Hydrogel “Affinity Trap” for microRNAs with a Self-Assembling Fluorescent “Split-Probe” to Monitor Their Expression and Degradation

The hydrogel "affinity trap" engineered here from peptides and nucleic acids into dynamic supramolecular structures offered the opportunity to measure physiological concentrations of tissue-specific microRNA expression and degradation, which are symptomatic for diseased cells and tissues.
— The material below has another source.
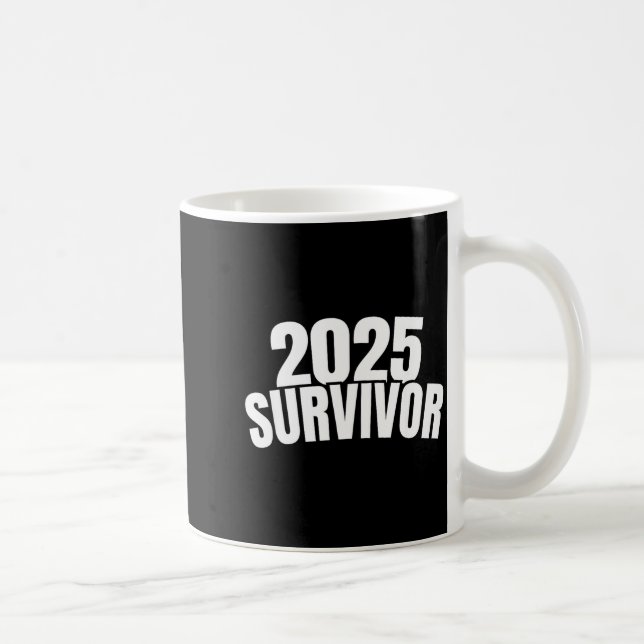 Caneca De Café Funny New Years For Men 2025 Survivor  (Direita)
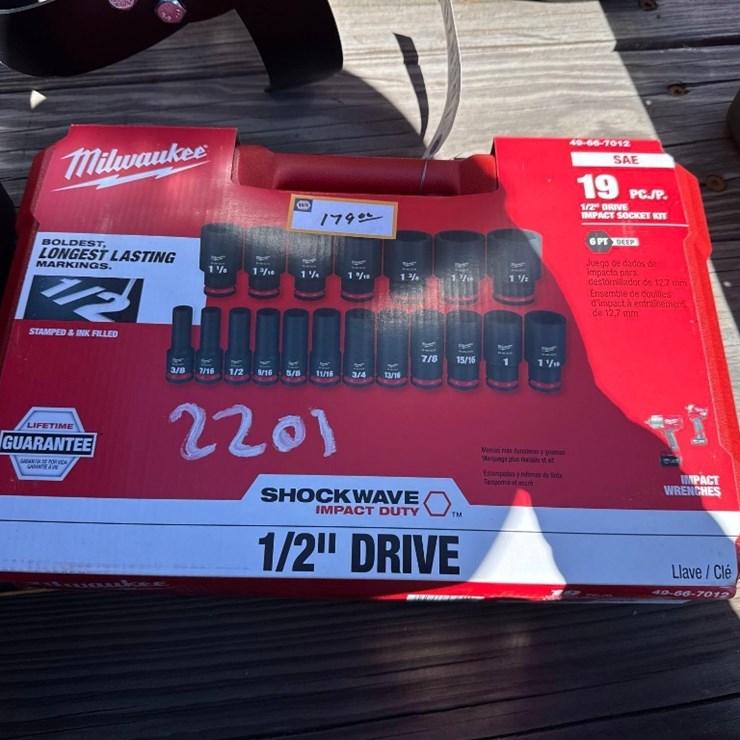 2201 - MILWAUKEE 19 PC SOCKET SET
Hydrogel size-discriminating properties allowed to segregate microRNAs from complex biological media into a hydrogel matrix and entrap the target sequence via hybridization with a hydrogel-immobilized "capture" probe, where it could be detected through fluorescence quenching. We demonstrated the size-selective permeability of the hydrogel that provided a protective microenvironment for microRNAs and detection probes from cellular biological interference and afforded selective self-assembly and detection of oncogenic microRNA-21 (miR-21) in the presence of cell extracts, which is otherwise detrimental for detection in a gel-free solution. We were also able to monitor the degradation of unlabeled miR-21 by natural (RNase A and H) and synthetic (miR-21-RNase) ribonucleases and their synergistic actions, which could be potentially useful in the therapeutic knockdown of pathogenic RNAs.